Charles Davis cdavis@mymail.mines.edu writes:
If the volume is indeed case insensitive, we skip searching through the whole directory ourselves, and just stat() each portion of the path.
You still have extra stat() calls in the fast path, as well as some unnecessary changes.
On 10/27/10 3:49 AM, Alexandre Julliard wrote:
Charles Davis cdavis@mymail.mines.edu writes:
If the volume is indeed case insensitive, we skip searching through the whole directory ourselves, and just stat() each portion of the path.
You still have extra stat() calls in the fast path,
I couldn't get rid of all of them. The one in lookup_unix_name() has to stay AFAIK; otherwise SFNs break in some weird way that I can't seem to figure out. (kernel32's path test, for example, has 4 failures, all of them related to short paths.)
as well as some unnecessary changes.
Which ones?
Perhaps you're referring to the changes to get_redirect_path() and match_redirect(). My upcoming try 5 forces check_case to false when calling get_redirect_path() on a case-insensitive FS, instead of threading that bit through. Is that better? Or do you want me to remove that altogether?
Chip
Charles Davis cdavis@mymail.mines.edu writes:
On 10/27/10 3:49 AM, Alexandre Julliard wrote:
You still have extra stat() calls in the fast path,
I couldn't get rid of all of them. The one in lookup_unix_name() has to stay AFAIK; otherwise SFNs break in some weird way that I can't seem to figure out. (kernel32's path test, for example, has 4 failures, all of them related to short paths.)

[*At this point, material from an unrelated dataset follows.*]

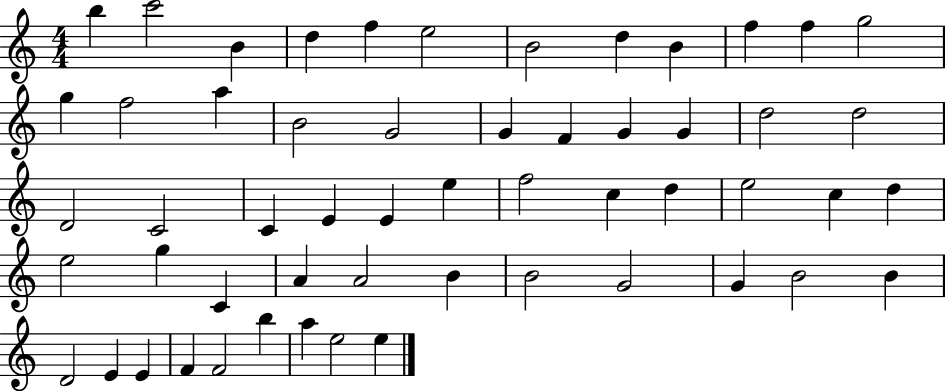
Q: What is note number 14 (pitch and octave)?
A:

That's of course the sign of a bigger problem, namely that you don't handle short paths at all on case insensitive file systems.
If the tests didn't catch this sooner, it means that you should probably first write more tests with various case and short names combinations.
On 10/27/10 10:48 AM, Alexandre Julliard wrote:
Charles Davis cdavis@mymail.mines.edu writes:
On 10/27/10 3:49 AM, Alexandre Julliard wrote:
You still have extra stat() calls in the fast path,
I couldn't get rid of all of them. The one in lookup_unix_name() has to stay AFAIK; otherwise SFNs break in some weird way that I can't seem to figure out. (kernel32's path test, for example, has 4 failures, all of them related to short paths.)
That's of course the sign of a bigger problem, namely that you don't handle short paths at all on case insensitive file systems.
I just ran the tests on Linux, and oddly enough they don't fail without the extra stat() in lookup_unix_name(). So AFAIK it's peculiar to Mac OS. What's different about Wine on Linux vs. Wine on Mac OS that could cause this?